Rosemary held the condemned mage at arrow-point, tucking her arm behind her to draw the bow in such a confined space. Traces of his inhuman cold made the arrowhead brittle. I smell you, tainted one. I am not interested, commanded she when he opened his mouth. She leaned her weight on the arrow, and the arrowhead sank into his vocal cords. You are blessed for all that, flecked with something that must not die with you. The bowstring snapped, and the arrow shattered as it froze through his throat. As he thrashed, droplets of blood flew. Some fell to earth solid and rolled under the bed. Others splashed as normal, and these she licked up quickly, not letting her tongue contact his bare skin. At the very last, Rosemary wrenched his head around with gloved hands, looked beyond his eyes, and called out wordlessly to that unnatural heat which plagued him. It answered, and he liquefied. Rosemarys hair and skin crinkled and baked as the heat found her. She gave him no benediction, but left seething as his body soaked the bed.

 

*********

 

She filtered dust from the air with her gown and breathed it in; she drank the ashes of everyone slain in the holy war. Rosemary was addicted to the taint, gathering it particle by particle from every corner of Terra. Her eyes had lightened from chestnut to palest tan, and her heart quivered at an unsustainable pace. She was a walking column of fireless heat, deadly to any beast standing within arms length of her. More and more she retreated to the gardens, smelling the poison in the soil, longing to rip the plants from the ground and gorge on its power. Yet she was a vampire still, forbidden to eat the food of mortals, and could not. She was starving, unable to approach her prey without their blood boiling to worthlessness.

 

When wandering in the gardens, often she would see the gardeners strolling through, smiling as they picked this fruit or that flower and delighting in it. Wracked with jealousy, she could only hide among the vines and plot to snatch their ashes should some accident befall them. They were charmed, though, overflowing with the poison which warded off all ill. Paler and weaker she became, burnt with bloodlust and heat and the taint of life. At last she flung herself facefirst onto a thorny vine like a shrikes prey, dangling above the ground, and waiting for the deadly dawn. The thorns on which she impaled herself rustled and grew, drawing the last few drops of blood out of her body. Each pierced through her body and shimmered as they emerged. Rosemary felt no pain until the last thorn emerged and pierced her frantically beating heart.

 

The dawning was not of the sun. The collected life of the garden burst out of her in a searing white light. Unseen invaders, also jealous of the garden, had no time to scream before their ashes dusted the earth.

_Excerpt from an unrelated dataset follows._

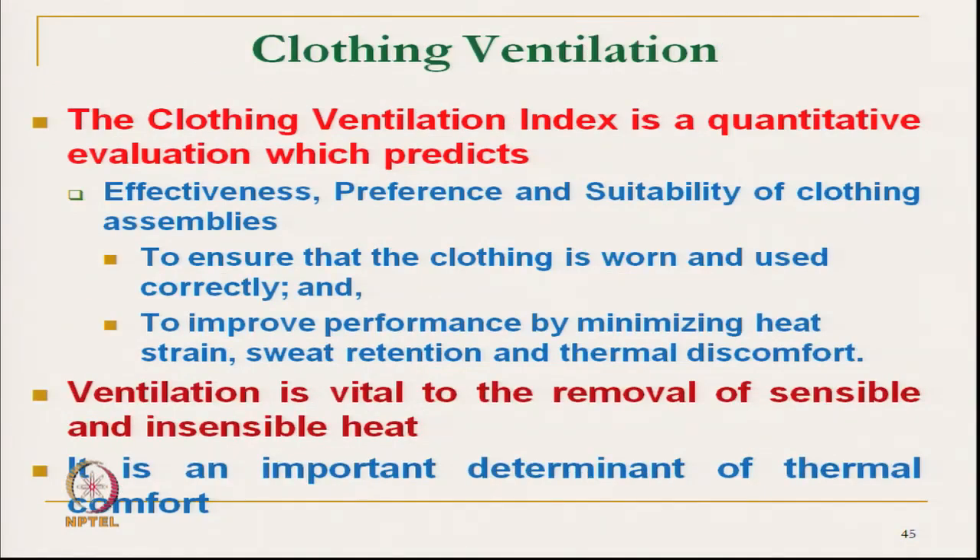Clothing ventilation allows atmospheric air to penetrate inside and remove moist air from the microclimate. The clothing ventilation index is a quantitative evaluation that predicts the effectiveness, preference, and suitability of a clothing assembly to ensure it is worn and used correctly. The ventilation index is used to improve performance by minimizing heat strain, sweat retention, and thermal discomfort.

Its not so, whispered the dying Rosemary, as life once more ebbed out of her body. It cannot be so. Thorns retracted, oozing blood back into the corpse which healed as they passed through. She tried to protest as a thorny red vine blossomed and ripened before her mouth, but the berries smelled of blood. Hunger won, and she drained every one before the vines released her. She drew her pierced cloak around her tightly. So cold, she whispered, and her demons flooded around her once more. So lonely, she sighed, and the gardeners gently expelled her from the grounds. So unnatural, she mourned, before the insanity claimed her again.